Montag, Juni 14, 2010


Remind me to thank John for a lovely weekend.

Ganze sechs Jahre alt war ich, als Spielberg’s "Jurassic Park" 1993 in die Kinos kam. Damals absoluter Dinosaurier-Nerd besass ich vom Triceratops (zu der Zeit von mir auch als Salatkopf bezeichnet)-Plüschtier bis zur für mich schwer verständlichen Dino Ausgabe des Geo Magazins so ziemlich alles was mit der ausgestorbenen Spezies zu tun hatte. Natürlich erinnere ich mir noch ganz genau an die allererste Sichtung auf VHS, denn ein Kinobesuch war in dem Alter ausgeschlossen. Danach sollten noch unzählige Sichtungen, Meinungsaustausche mit Freunden, gleichnamige Videospiele und sogar Nachspielungen von Velociraptoren im Garten des besten Kollegen folgen ehe ich den Film in- und auswendig kannte. Da sollte es nicht verwundern, dass "Jurassic Park" bei mir einen ganz speziellen Platz einnimmt und ich ihm deswegen ein paar Zeilen mehr als sonst widmen möchte.

Die Entstehung

Obwohl die ganze Welt Steven Spielberg für den Erfolg von "Jurassic Park" lobt, bekam dieser den Anreiz dazu von keinem geringerem als Autor und Regisseur Michael Crichton, welcher schon 1981 eine Rohfassung der Thematik in ein Drehbuch zu verschachteln versuchte. Das Projekt wurde von ihm aber schnell auf Eis gelegt und erst neun Jahre später sollte Crichton die Endfassung fertiggestellt haben, die im Nu in Hollywood die Runde machte. Vier Studios mit vier Regisseuren waren daran interessiert: Fox wollte die Rechte für Joe Dante (bekannt u.a. für "Gremlins" oder "Piranha") sichern, Warner für Tim Burton, Tristar für Richard Donner und Universal für Steven Spielberg. Den Ausgang des Bietkrieges muss ich nicht weiter erläutern, nur das Spielberg schon immer Crichtons Favorit für eine Verfilmung war und sich diese Wahl rückblickend als voller Erfolg erwiesen hat. Er hatte schon in der Vergangenheit bewiesen, dass er aus dem Fantastischen eine glaubwürdige Geschichte erzählen konnte. Seine Liebe zu "King Kong" trieb ihn zudem noch weiter an einen eigenen und ähnlich bahnbrechenden Beitrag zum Subgenre zu geben.

Der wichtigste Bestandteil – der Aspekt der den Erofg oder Misserfolg des Filmes entscheiden würde – war natürlich die Darstellung der Dinosaurier. Spielberg wollte ausdrücklich keine Monsterklischees einbauen und gab seinem Kreativteam die Aufgabe, die Dinos so realistisch wie möglich zu kreieren, denn nur so konnte man ein verwöhntes Publikum mit etwas noch nie da gewesenem beeindrucken. Für die Konzeption der prähistorischen Kolosse orientierte man sich also an Tiere und beobachtete in genauestem deren Bewegungsabläufe. Für die spätere Vertonung wurden ebenfalls Tierlaute gemixt. So entstand beispielsweise das laute Kreischen der Raptoren aus einer Mischung von Delfin und Walross, das Gebrüll des T-Rex‘ aus einem Mix aus Elefanten-, Alligatoren-, Pinguin-, Tiger- und Hundegeräusche.

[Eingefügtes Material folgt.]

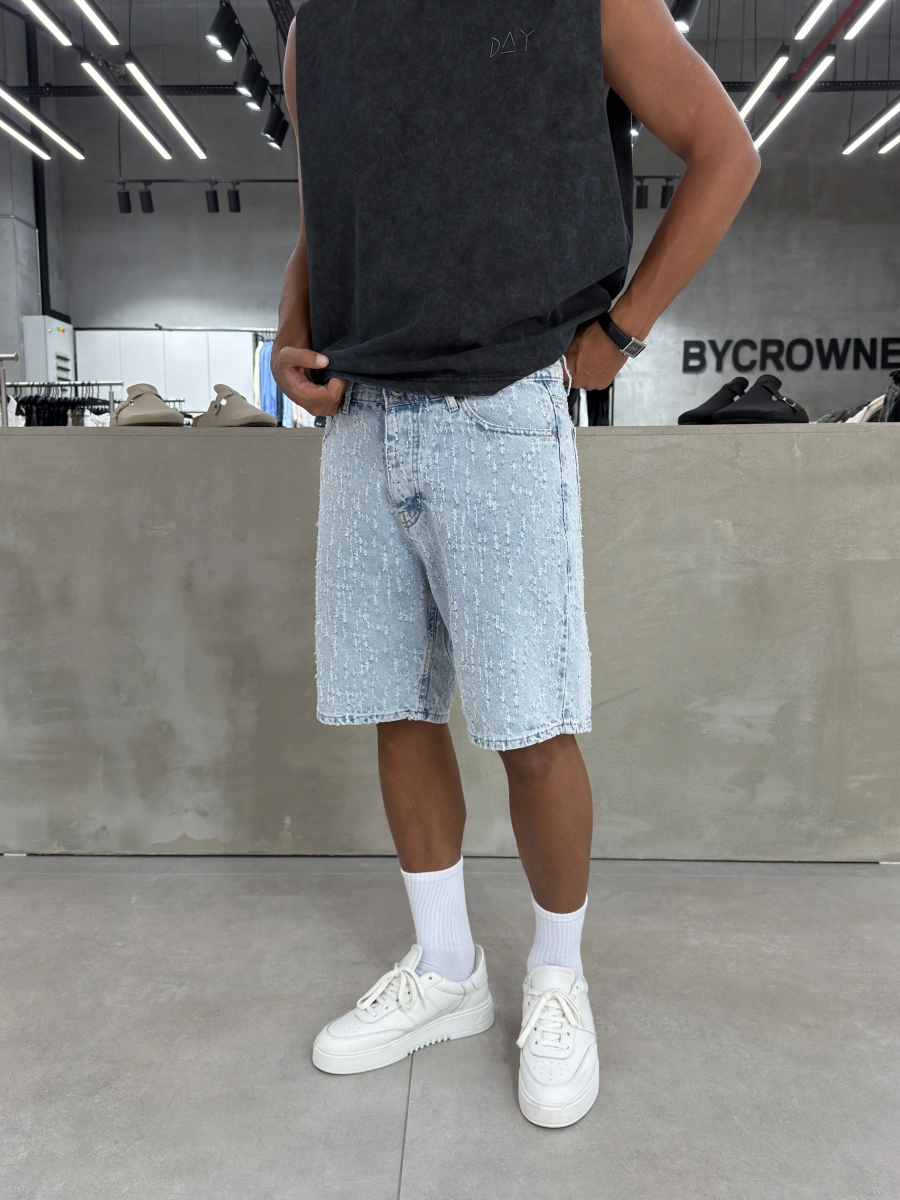 Buz Mavi Desenli Bol Kalıp Denim Şort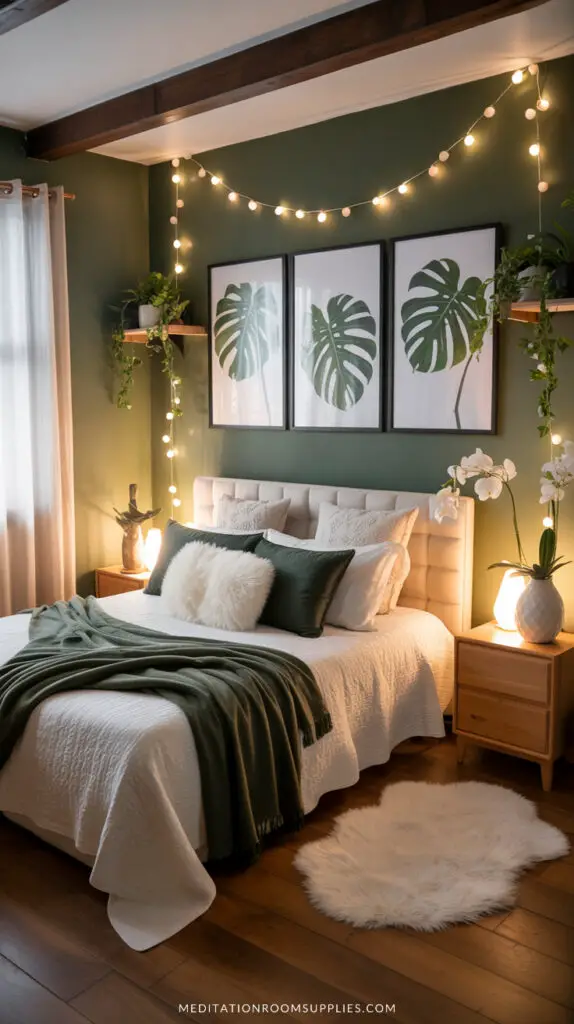 modern green bedroom with monstera wall prints and fairy lights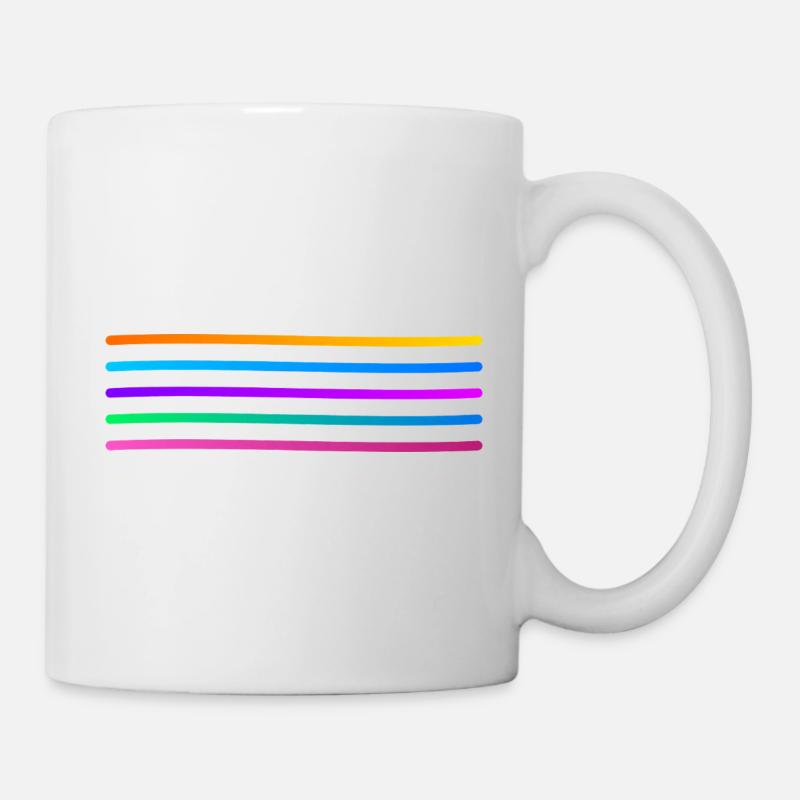 Regenbogenstreifen Muster - Tasse - Weiß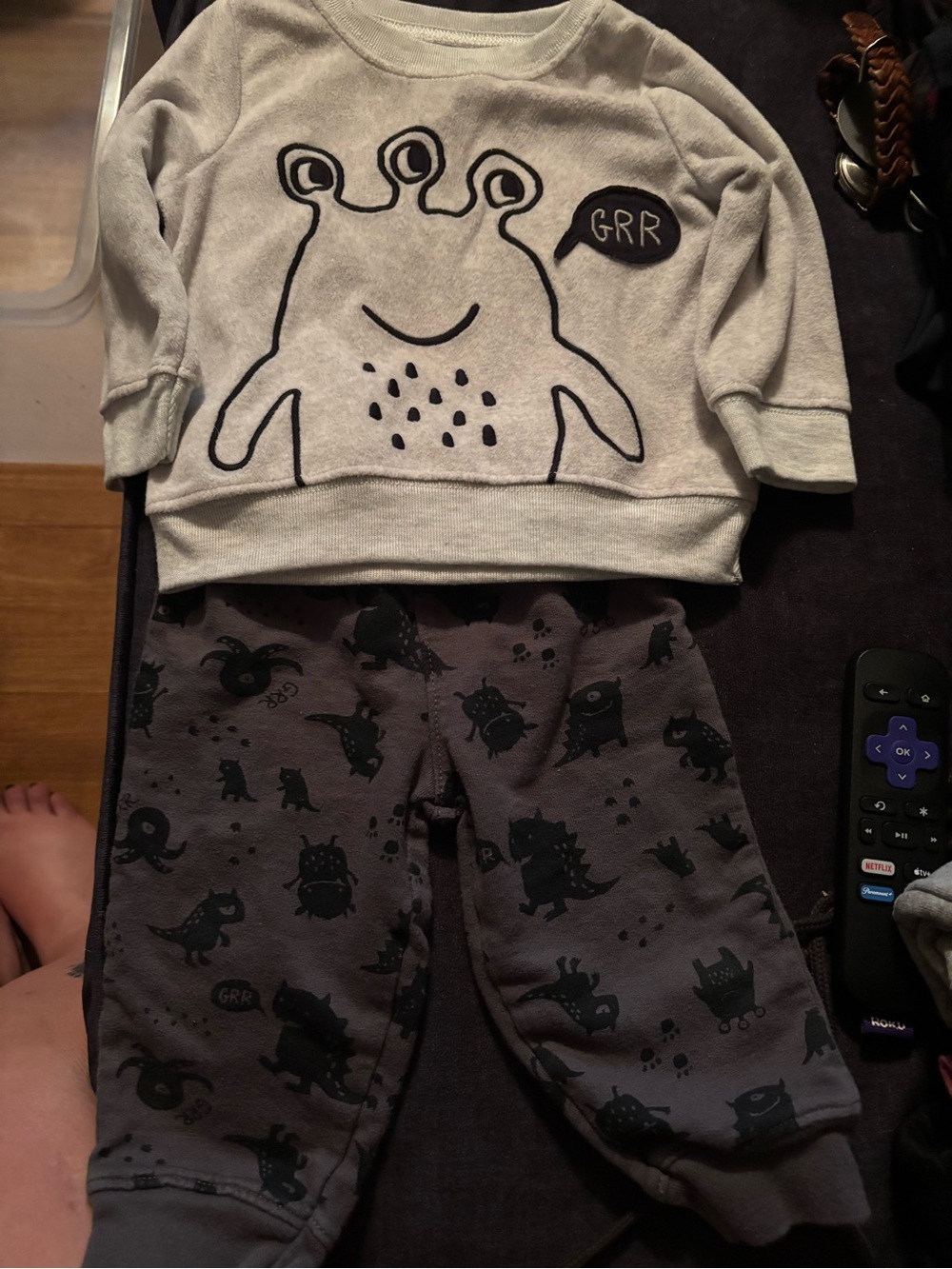 child of mine Gray Monster Print Jogger Set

Wie sollten die Tiere aber schliesslich im fertigen Film dargestellt werden? Der erste Gedanke fiel natürlich auf die Go-Motion Technologie, die unzählige Fantasyfilme der 80er Jahre geprägt hatte. Doch Spielberg gefielen die ruckartigen Bewegungen nicht und auch die Tatsache, dass die Kamera bei diesem Verfahren weniger dynamisch eingesetzt werden konnte. Die naheliegende Idee wurde als (zum Glück) schnell wieder verworfen und man wendete sich ambitionierteren Methoden zu. Spielberg wollte zu Beginn alle Dinosaurier als Roboter in Originalgrösse erstellen lassen, doch musste dieses Unterfangen aus finanziellen und auch technologischen Gründen nochmals durchdacht werden, weshalb er sich dann für eine Kombination aus Robotern und Spezialeffekten entschied. ILM hatte während der Entwicklungsjahre von "Jurassic Park" gerade in den James Cameron Filmen "T2" und früher "The Abyss" eindrücklich bewiesen, dass sie die visuellen Effekte bestens beherrschten. Da dauerte es natürlich nicht lange bis Spielberg davon Wind bekam und die von George Lucas gegründete Firma für seinen Film anheuerte. Zusätzlich musste noch jemand für die mechanisierten Figuren her, und das war kein geringerer als Stan Winston, welcher schon in "Aliens" mit der Kreation der Alien-Queen sein Können unter Beweis gestellt hatte und mit "Jurassic Park" sein ehrgeizigsts Werk anging.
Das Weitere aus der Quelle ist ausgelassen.